La méthode virale se concentre sur un seul aspect : Verser puis arroser. Ce procédé fait l’impasse sur tout l’environnement normatif qui fait qu’une dalle reste plane, saine et porteuse pendant des décennies. Sans treillis métallique, la moindre fissure de retrait peut évoluer en fissure traversante.
Résultat : Ça va casser, nécessairement !
La grande vague Française du béton coulé à sec
En France, une chaîne YouTube à fait des émules. Oui, une unique chaîne oriente des dizaines de milliers, centaines de milliers, voire millions de spectateurs sur ce sujet : Cilotronforever.

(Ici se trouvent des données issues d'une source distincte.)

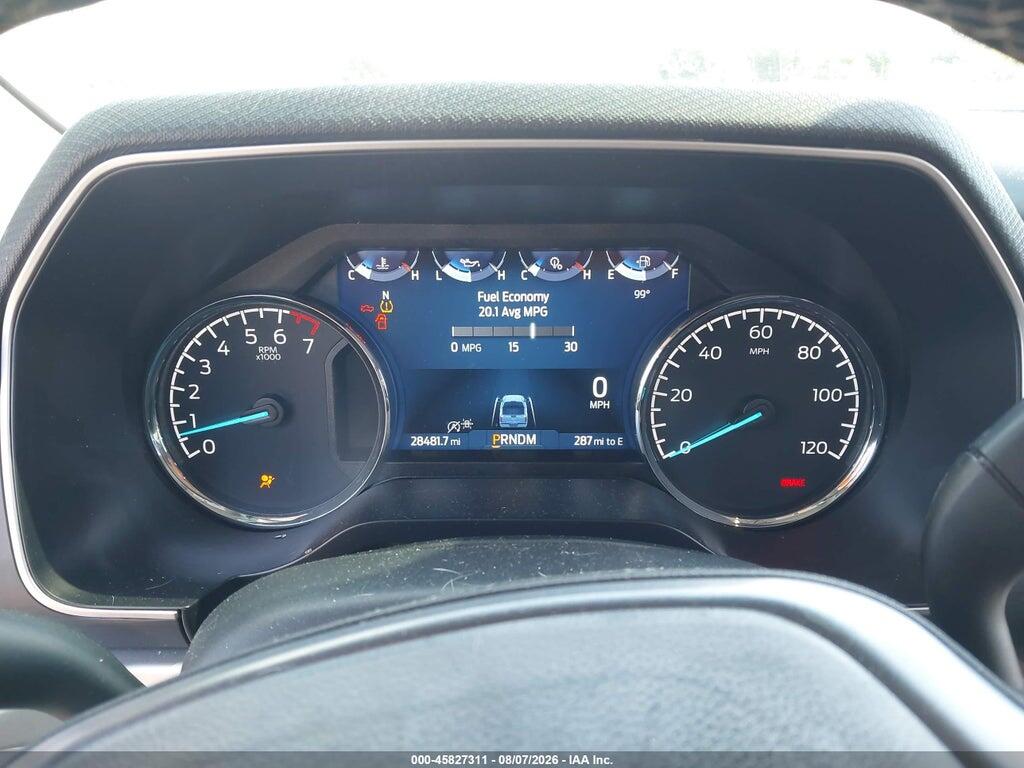 1FTEW1EP7PFD33528 2023 FORD F-150 photo no. 7
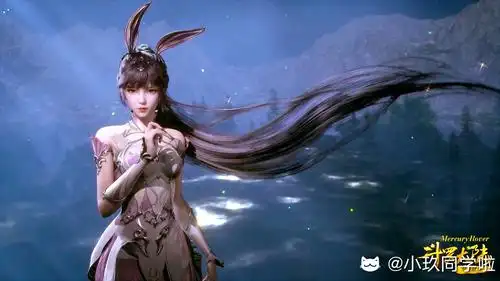 第二天小舞五年后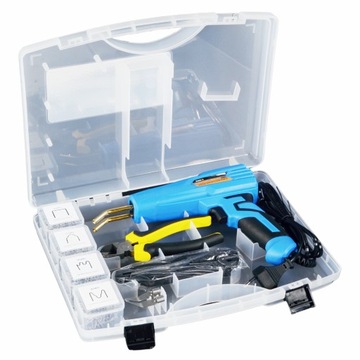 ZGRZEWARKA ZSZYWARKA TWORZYW SZTUCZNYCH PLASTIK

Problème ? Le youtubeur qui gère cette chaîne ne dispose d’aucune notoriété dans le bâtiment. La question est donc aisément compréhensible : Quelle crédibilité devons nous accorder au principal promoteur du béton coulé à sec, alors même qu’il n’est visiblement pas compétent dans le domaine ?

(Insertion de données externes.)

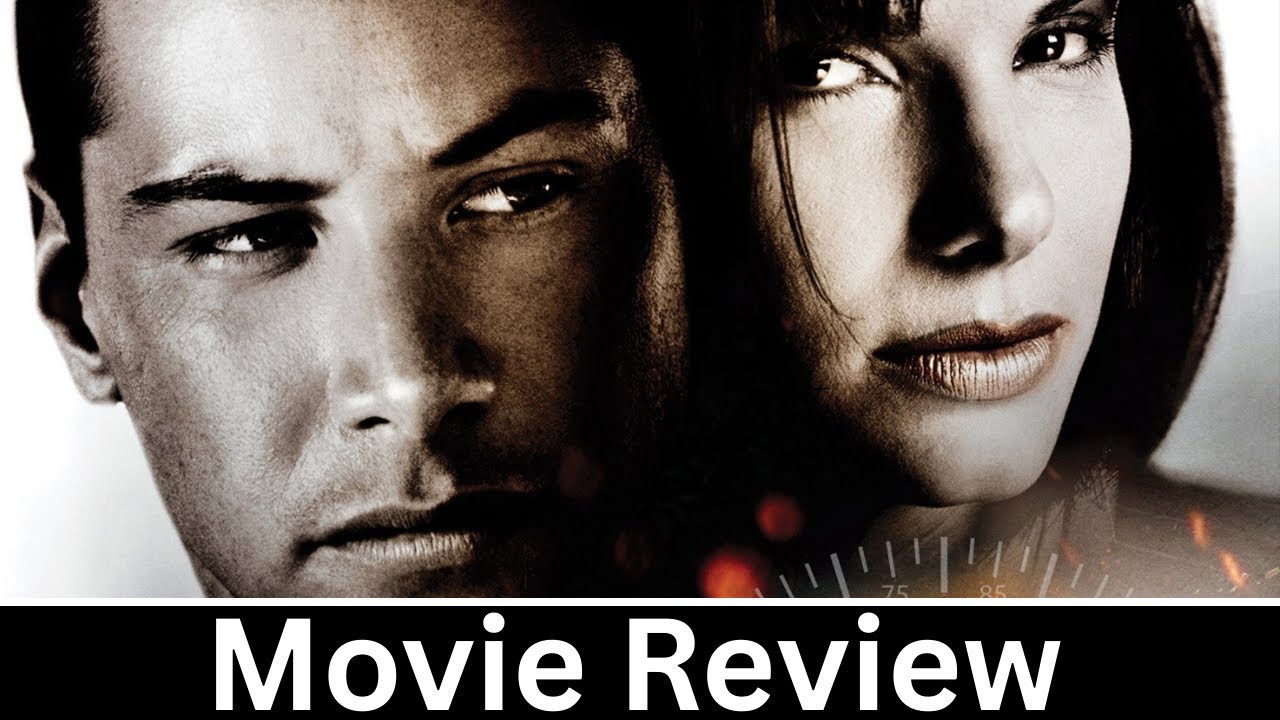 Speed — Movie Review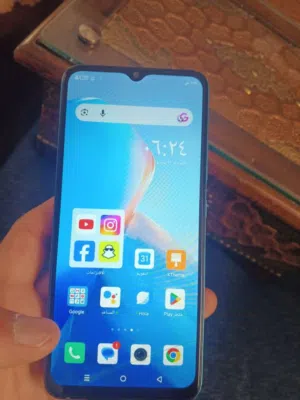 Infinix Other 64 GB in Amman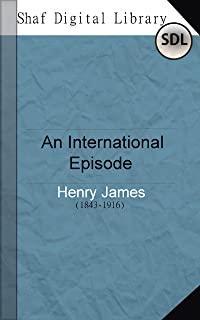 An International Episode, Eugene Pickering & Daisy Miller: A Study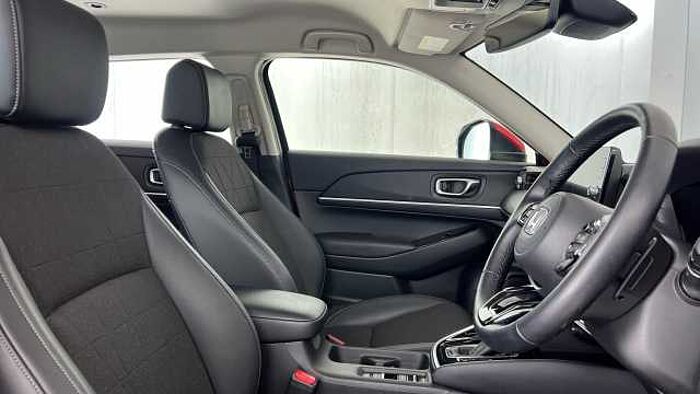 Honda HR-V Hybrid 1.5 h i-MMD Advance SUV 5dr Petrol Hybrid CVT Euro 6 (s/s) (131 ps) 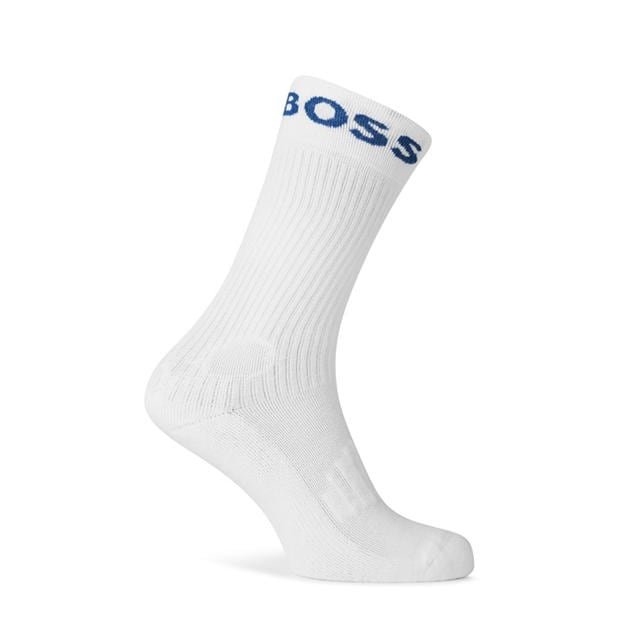 Soseta Boss 2 Pack Sport Crew barbat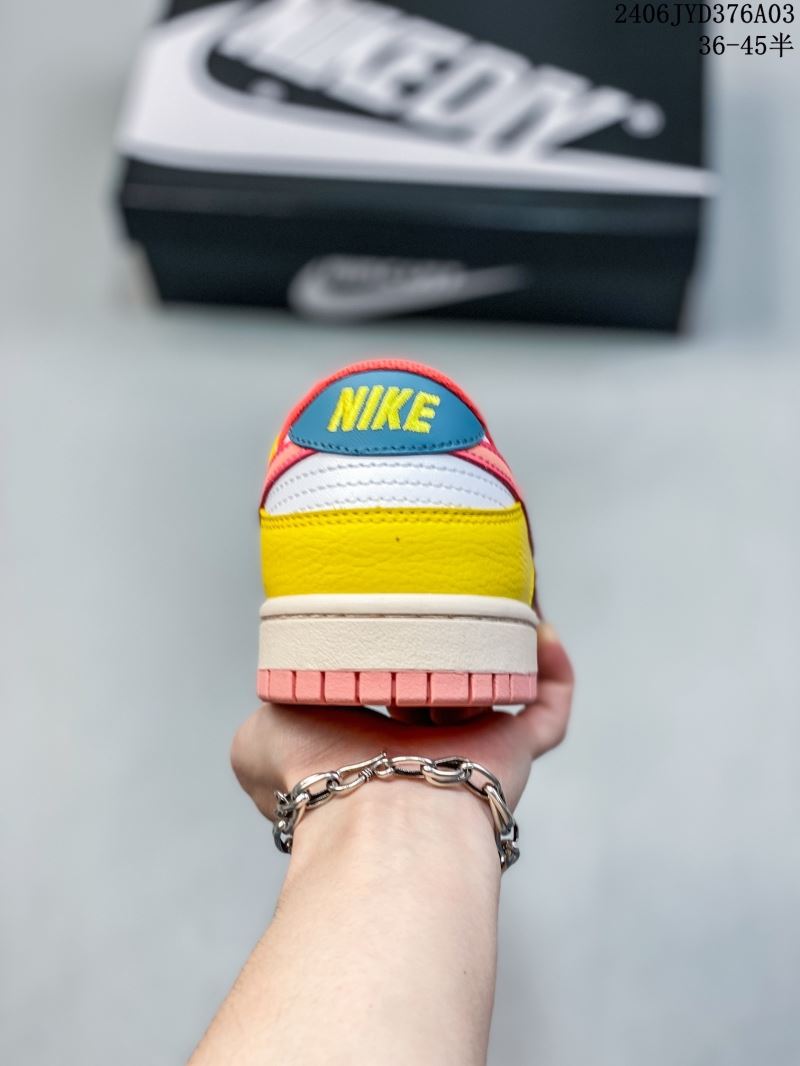 Nike Dunk Shoes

Autre problème, la vidéo concernée réalise 1.8 millions de vue. Autrement dit, c’est un big buzz que tout youtubeur rêverait d’atteindre. Or il est évidemment question ici de tromper le lecteur, même de bonne foi attention, sur un procédé totalement farfelu au regard des règles de la construction.

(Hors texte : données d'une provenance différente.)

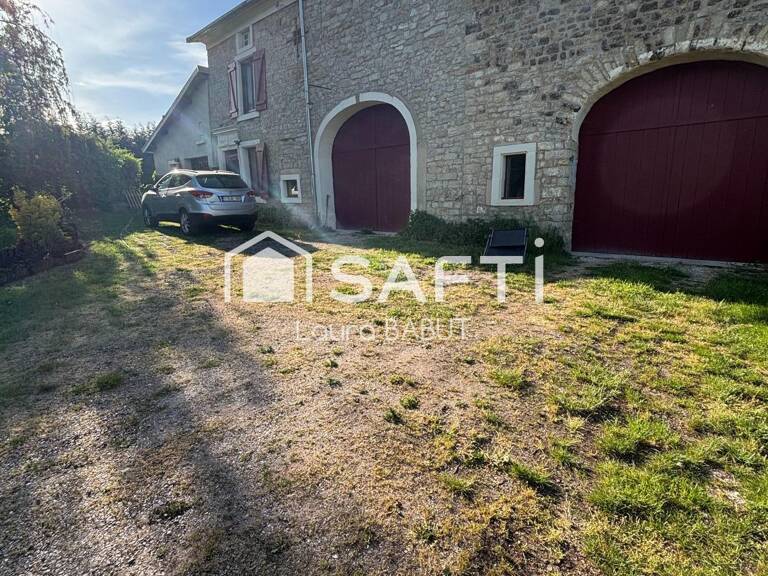 ancien corp de ferme rénové — photo 1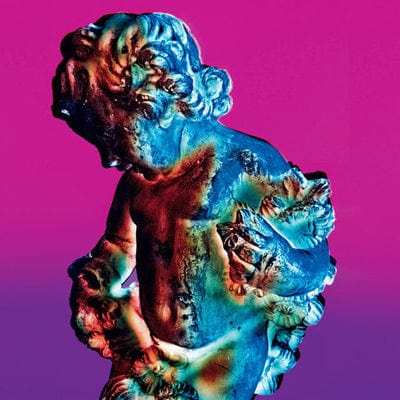 Technique - New Order [VINYL]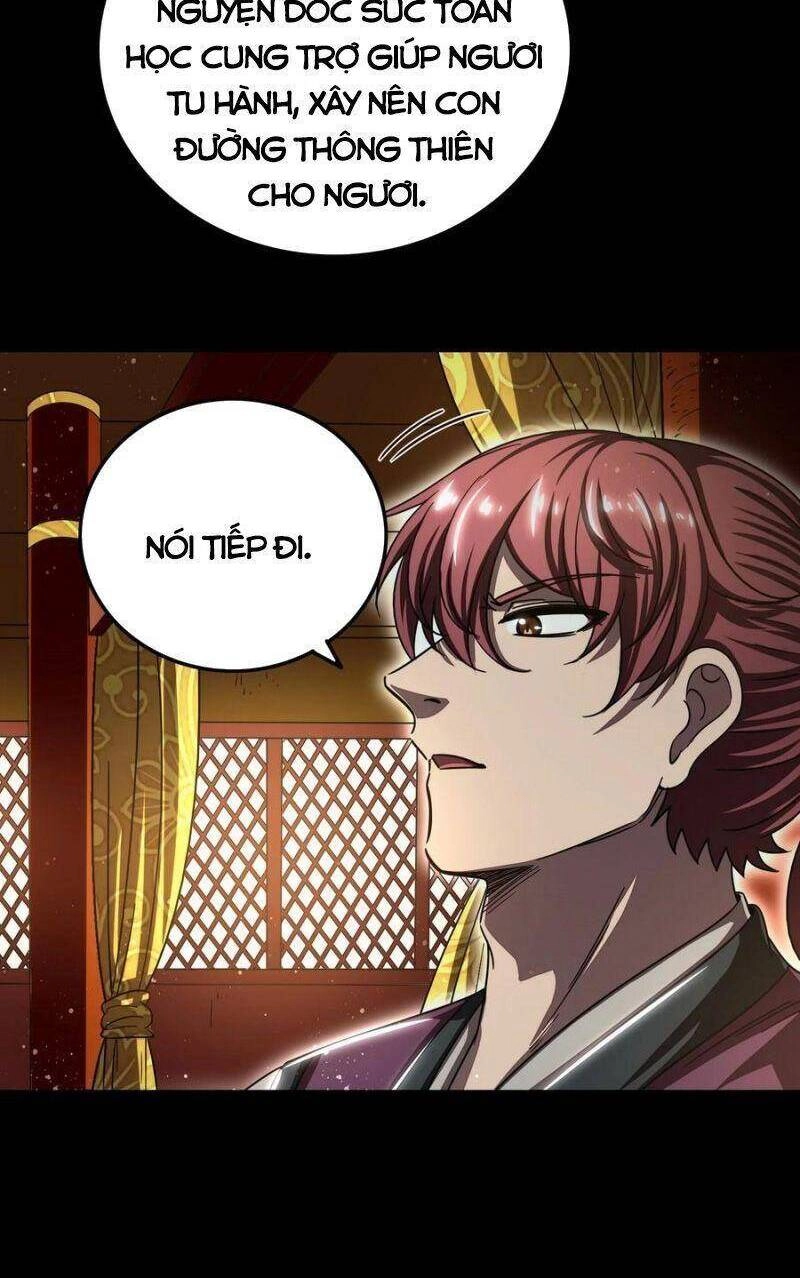 Xuân Thu Bá Đồ Chapter 160 - 13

Soyons clairs, la vulgarisation oui, la tromperie (même non voulue) c’est NON !
En revanche l’approche et la démonstration est bonne est ce Youtubeur semble sincèrement exprimer une vérité, sa vérité à lui. Il faut donc démonter le procédé, pas le Youtubeur.
Si l’intérêt du béton sec ne réside que dans le fait de ne pas avoir à utiliser une bétonnière, alors pourquoi ne pas tout simplement recourir aux distributeurs automatiques de béton ? C’est encore bien plus simple !
Des conséquences qui n’apparaissent souvent qu’à moyen terme
C’est ce qui rend cette méthode particulièrement trompeuse sur les réseaux sociaux : les vidéos s’arrêtent presque toujours au moment du démoulage, quand la surface paraît dure et lisse. Or les pathologies typiques du béton mal hydraté et non armé se révèlent généralement après plusieurs mois, voire après le premier hiver :
- fissuration diffuse en surface (faïençage) ou fissures traversantes ;
- affaissements localisés là où le compactage du support ou l’hydratation ont été insuffisants ;
- désagrégation progressive en surface (farinage, éclatement dû au gel si l’eau résiduelle a gelé dans les pores) ;
- remontées d’humidité et dégradation des revêtements posés par-dessus.
Ces désordres sont d’autant plus difficiles à corriger a posteriori qu’ils touchent la structure même de la dalle : on ne « répare » pas un manque d’armature ou un défaut d’hydratation en profondeur, on doit le plus souvent démolir et refaire.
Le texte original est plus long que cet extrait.